Why Guatemala and El Salvador? What do you see as unique to each country or what do the countries share?
I started my first field research in Latin America during the wars of the early 1980s. There's a saying, "Guatemala chooses you, you don't choose it," and that was certainly the case for me. I immediately fell in love with the country the first time I visited, mainly because of the people, specifically the Mayan population, which is still vigorous and highly identifiable. Guatemala is known as "the land of eternal spring" because of its lovely mountains and temperate climate. But some people used to also call it "the land of eternal tyranny." in the early 1980s, the government was engaged in a genocide against the Maya, and to first come in contact with them when they were in such physical and cultural peril, I think, has influenced me very much to this day. As for El Salvador, it didn't "choose me" in the same way that Guatemala did, and back in the early 1980s it was, for me, a harder place to work. The war in El Salvador was much more up front, much more present in every day life, which made it a challenging place to be. But here, again, its uniqueness lies in its people. Back in the day, there was no better place to see Liberation Theology at work, and the legacy remains today. Salvadorans like to say that they are "muy trabajadores"- hard workers - and they really are.
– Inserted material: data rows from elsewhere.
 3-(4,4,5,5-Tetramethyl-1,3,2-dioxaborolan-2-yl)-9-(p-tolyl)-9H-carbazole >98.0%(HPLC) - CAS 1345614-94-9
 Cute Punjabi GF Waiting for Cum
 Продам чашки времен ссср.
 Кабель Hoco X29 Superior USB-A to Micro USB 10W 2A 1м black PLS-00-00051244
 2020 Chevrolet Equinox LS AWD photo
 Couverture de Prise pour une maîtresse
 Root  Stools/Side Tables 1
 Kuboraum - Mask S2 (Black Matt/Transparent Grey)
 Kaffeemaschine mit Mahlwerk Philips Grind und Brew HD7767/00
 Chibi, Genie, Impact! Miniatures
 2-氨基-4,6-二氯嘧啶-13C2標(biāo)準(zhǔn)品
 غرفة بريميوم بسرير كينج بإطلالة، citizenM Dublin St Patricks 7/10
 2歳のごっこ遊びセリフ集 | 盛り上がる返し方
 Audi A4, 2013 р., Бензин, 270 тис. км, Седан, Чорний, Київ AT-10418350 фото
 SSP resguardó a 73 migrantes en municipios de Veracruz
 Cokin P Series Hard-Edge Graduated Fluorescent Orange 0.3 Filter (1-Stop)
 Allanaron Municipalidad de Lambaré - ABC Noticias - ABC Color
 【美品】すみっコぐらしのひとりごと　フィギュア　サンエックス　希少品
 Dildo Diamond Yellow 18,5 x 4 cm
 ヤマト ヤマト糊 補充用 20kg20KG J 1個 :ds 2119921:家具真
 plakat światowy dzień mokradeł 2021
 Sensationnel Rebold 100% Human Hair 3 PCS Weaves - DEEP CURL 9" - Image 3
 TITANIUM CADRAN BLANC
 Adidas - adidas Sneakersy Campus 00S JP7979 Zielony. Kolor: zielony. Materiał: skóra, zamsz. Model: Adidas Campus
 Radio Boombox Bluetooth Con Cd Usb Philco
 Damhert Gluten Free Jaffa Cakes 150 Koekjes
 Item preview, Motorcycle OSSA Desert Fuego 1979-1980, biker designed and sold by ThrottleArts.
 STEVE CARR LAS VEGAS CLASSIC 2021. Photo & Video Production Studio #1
What do you like best about teaching? About teaching RS Students?
The thing I like best about teaching is seeing the light go on in someone's eyes- that moment when you can just SEE a person engage with an idea and get excited about it. This is especially common with RS students - they are in a class because they WANT to be there and it makes all the difference in the world. Their enthusiasm is often contagious and it usually spreads to the other people in the class. The other thing I love is when people bring their own ideas and areas of expertise into the classroom. I like it when I can learn something new too. None of us "know it all" and I consider it one of my job's great "lagniappes" (Louisiana word for "bonus" or small gift) when I can learn something I didn't know much about, say, millenarianism in India or heresy debates in the early Christian church or medieval monasticism or Yoruban cosmovision.
Where are you from?
I'm born-and-raised Texan. I was born in Dallas but was raised in small towns, Stephenville and Sherman. I went to college and graduate school in Louisiana and lived in Central America before moving to Austin.
Why do you think Religious Studies is particularly relevant today?
I can't think of a single major in the College of Liberal Arts that is more relevant today than RS. I read this recently: "Nationalism became the religion of the 19th century." But it appears to me that religion is becoming, or has already become, the nationalism of the early 21st century. For better or worse, our international and domestic politics are increasingly framed in religious language and discourse, and it is incumbent on all of us as global citizens to understand what lies behind that discourse. It's only through that kind of understanding that I see any real room for hope or optimism for the future, and that's what we do best in Religious Studies.